GOAL OF THE EXERCISE: Using the data below, restate exactly every line from the one with "Kẻ Tạo Ra Nữ Phản Diện 5 trang 65" up to and including the one with "Lot 136 Spring Hollow Dr — photo 5". No picture belongs in it.

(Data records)
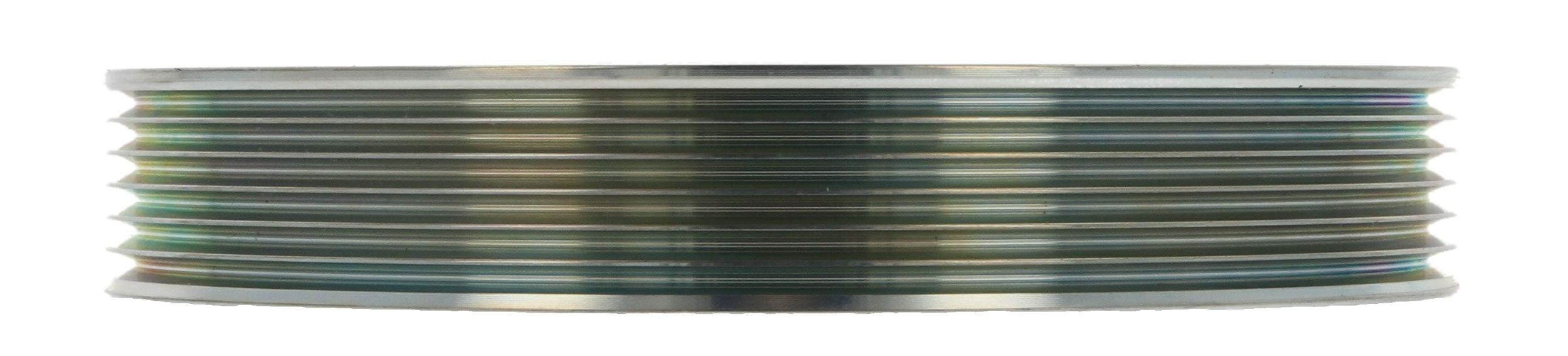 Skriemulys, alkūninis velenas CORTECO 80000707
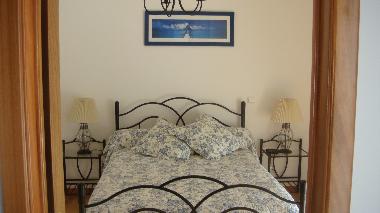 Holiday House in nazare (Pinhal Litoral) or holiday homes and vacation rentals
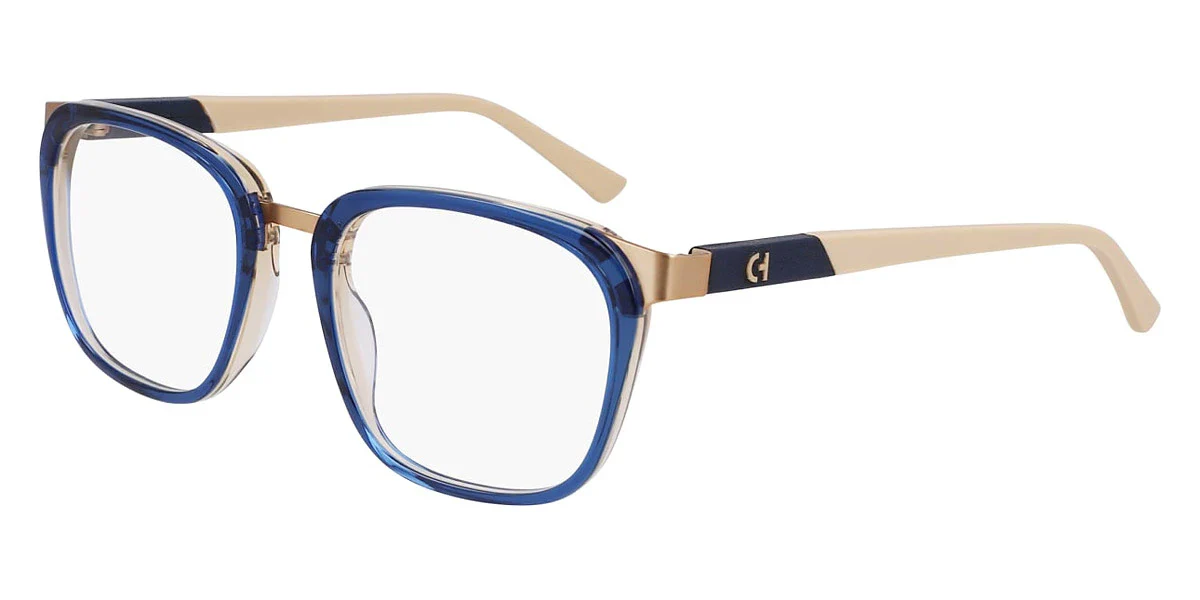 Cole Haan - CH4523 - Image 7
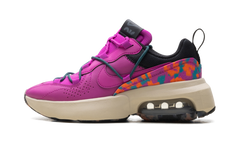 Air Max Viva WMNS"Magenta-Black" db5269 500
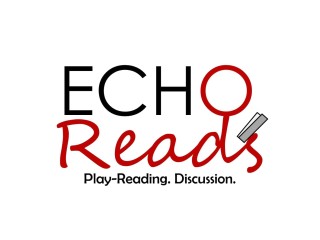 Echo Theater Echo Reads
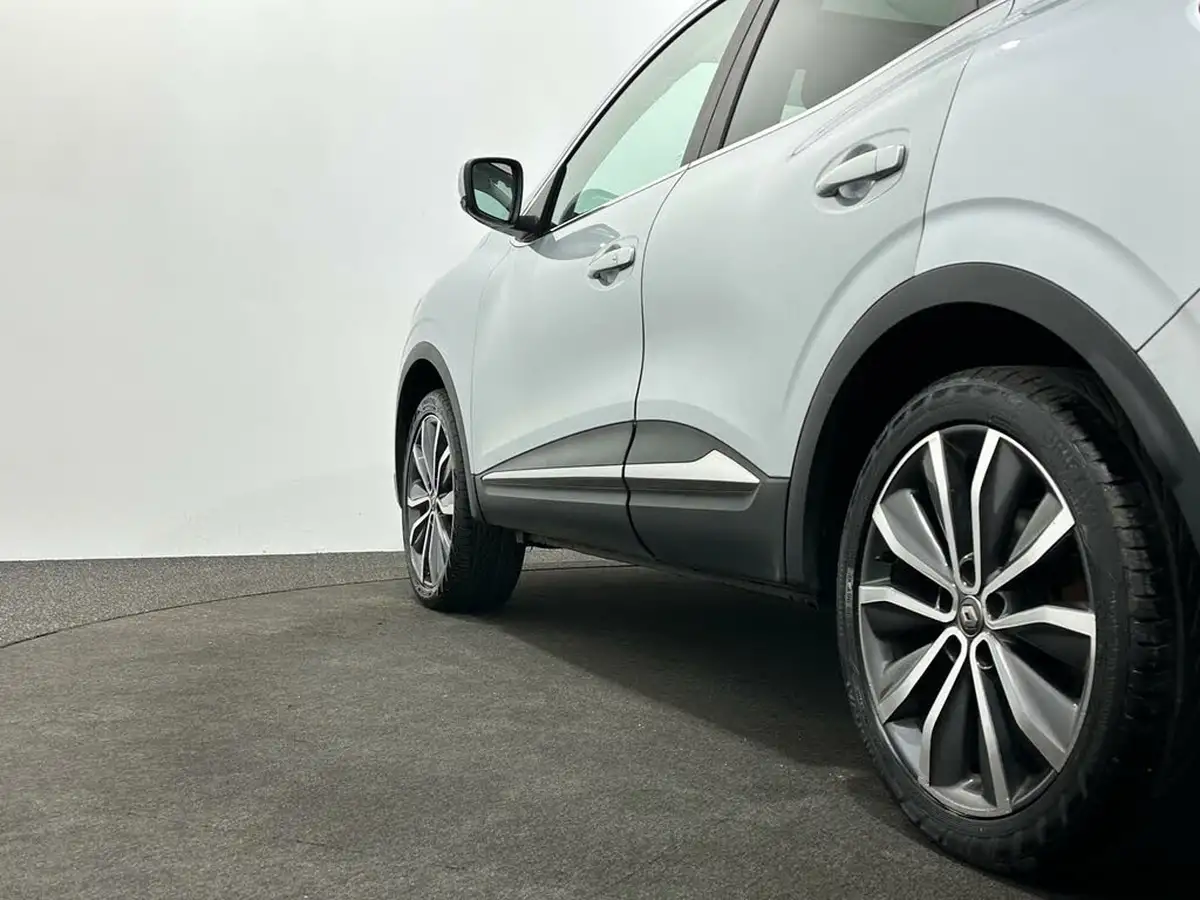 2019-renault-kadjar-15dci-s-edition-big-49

* * *

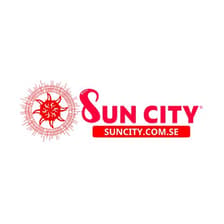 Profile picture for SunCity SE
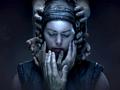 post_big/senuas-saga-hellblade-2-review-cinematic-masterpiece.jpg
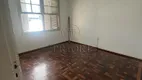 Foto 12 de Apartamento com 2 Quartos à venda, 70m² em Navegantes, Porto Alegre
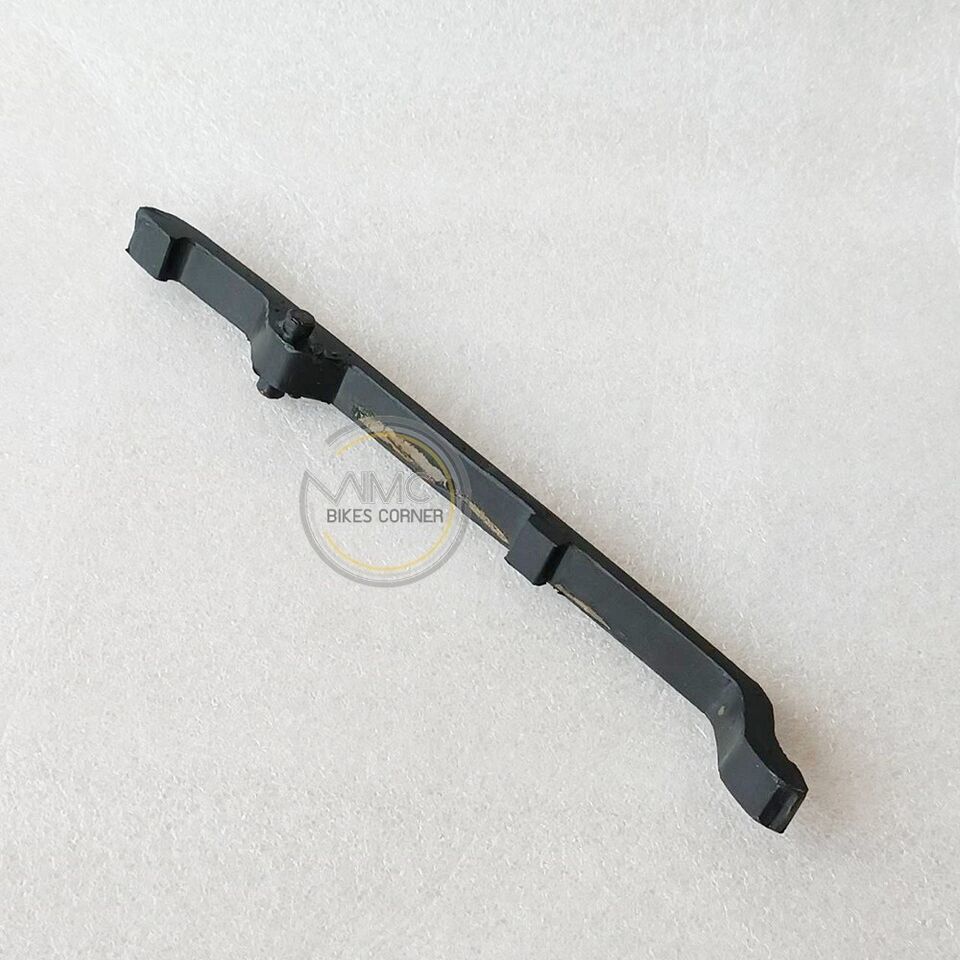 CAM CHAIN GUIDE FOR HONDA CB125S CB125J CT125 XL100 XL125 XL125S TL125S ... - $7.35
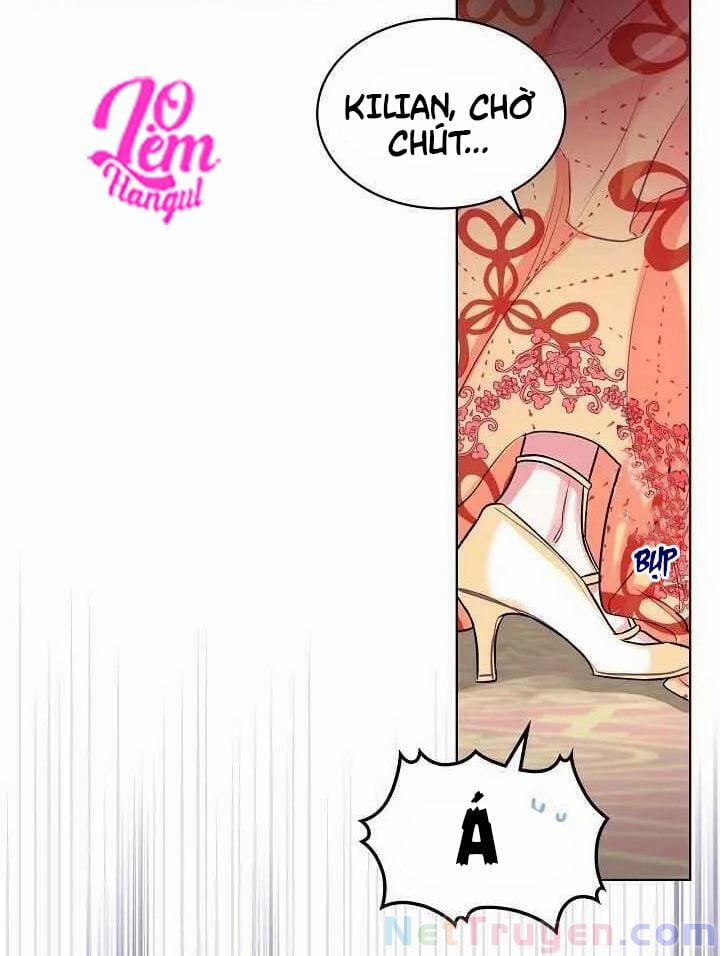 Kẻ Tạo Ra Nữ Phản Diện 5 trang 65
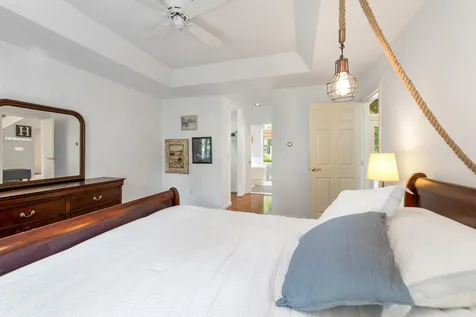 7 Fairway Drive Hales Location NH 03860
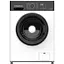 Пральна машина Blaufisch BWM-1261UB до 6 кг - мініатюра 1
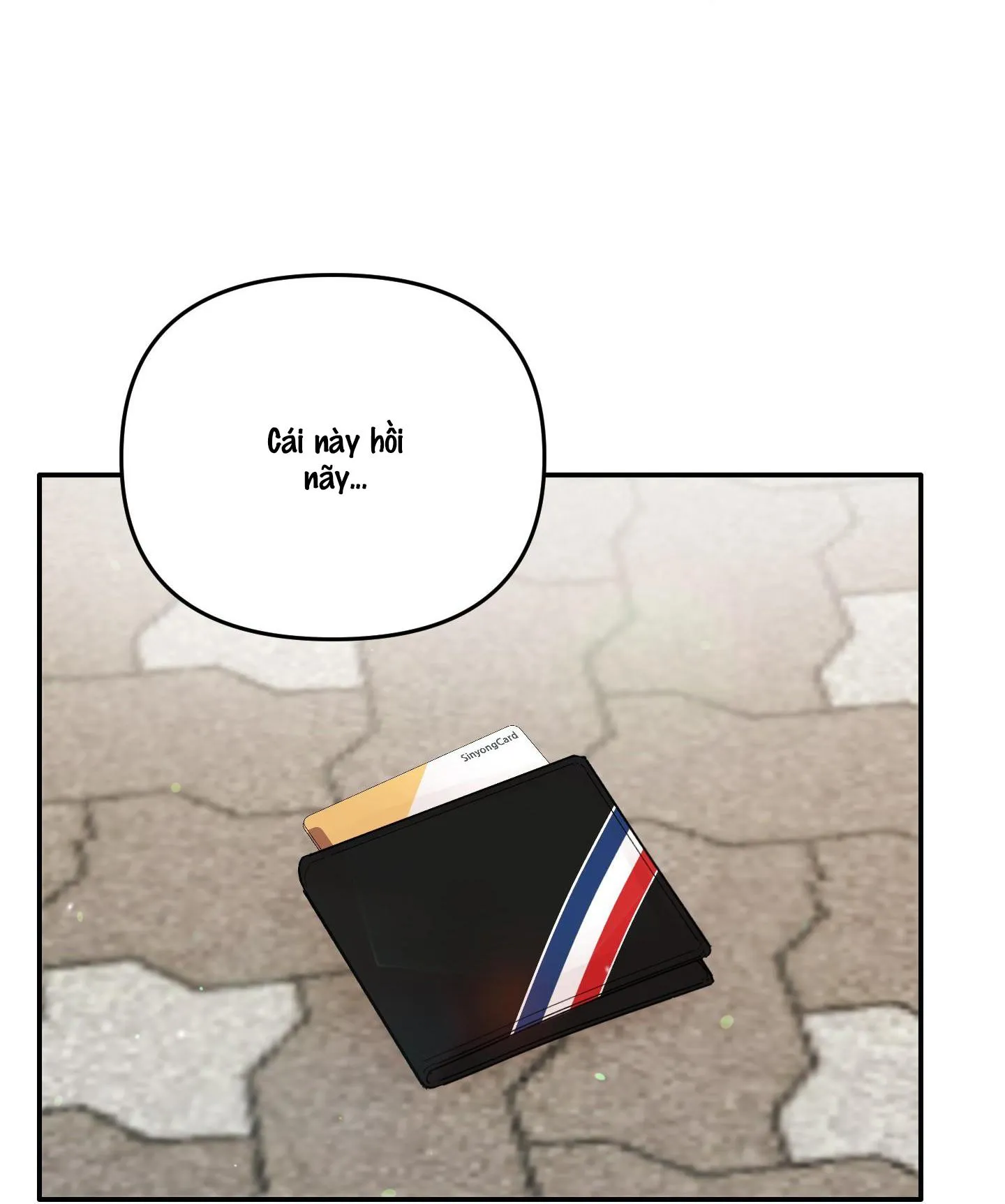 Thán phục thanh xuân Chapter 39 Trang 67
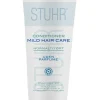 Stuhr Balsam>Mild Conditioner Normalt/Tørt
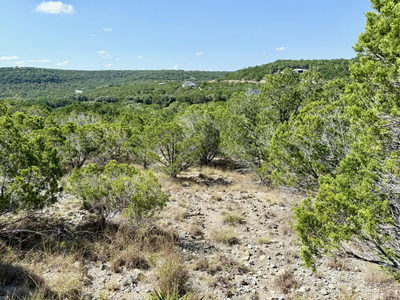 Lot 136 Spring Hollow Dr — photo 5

--

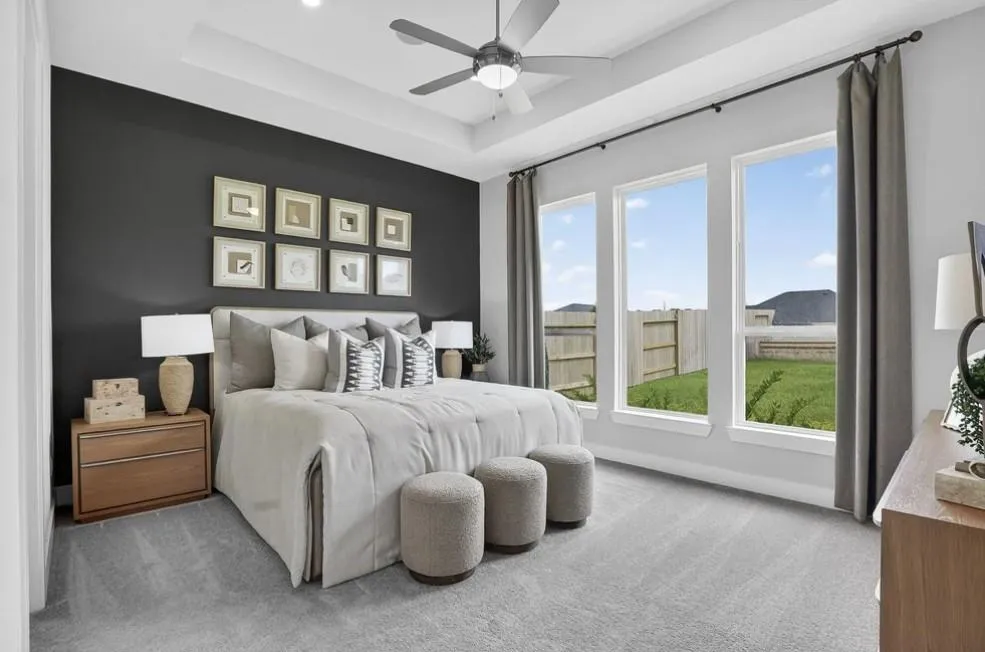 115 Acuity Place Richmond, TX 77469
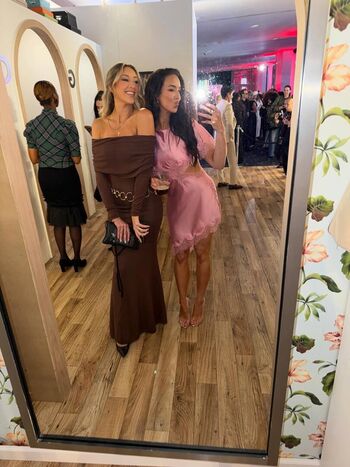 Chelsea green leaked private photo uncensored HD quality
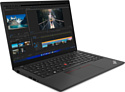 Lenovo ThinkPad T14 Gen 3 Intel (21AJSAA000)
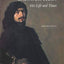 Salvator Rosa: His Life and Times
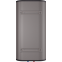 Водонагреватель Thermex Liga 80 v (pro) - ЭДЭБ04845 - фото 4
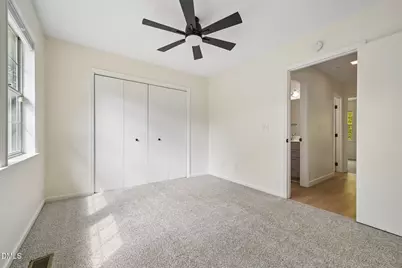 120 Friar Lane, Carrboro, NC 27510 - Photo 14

OUTPUT FOR THIS EXERCISE:
 Kẻ Tạo Ra Nữ Phản Diện 5 trang 65
 7 Fairway Drive Hales Location NH 03860
 Пральна машина Blaufisch BWM-1261UB до 6 кг - мініатюра 1
 Thán phục thanh xuân Chapter 39 Trang 67
 Stuhr Balsam>Mild Conditioner Normalt/Tørt
 Lot 136 Spring Hollow Dr — photo 5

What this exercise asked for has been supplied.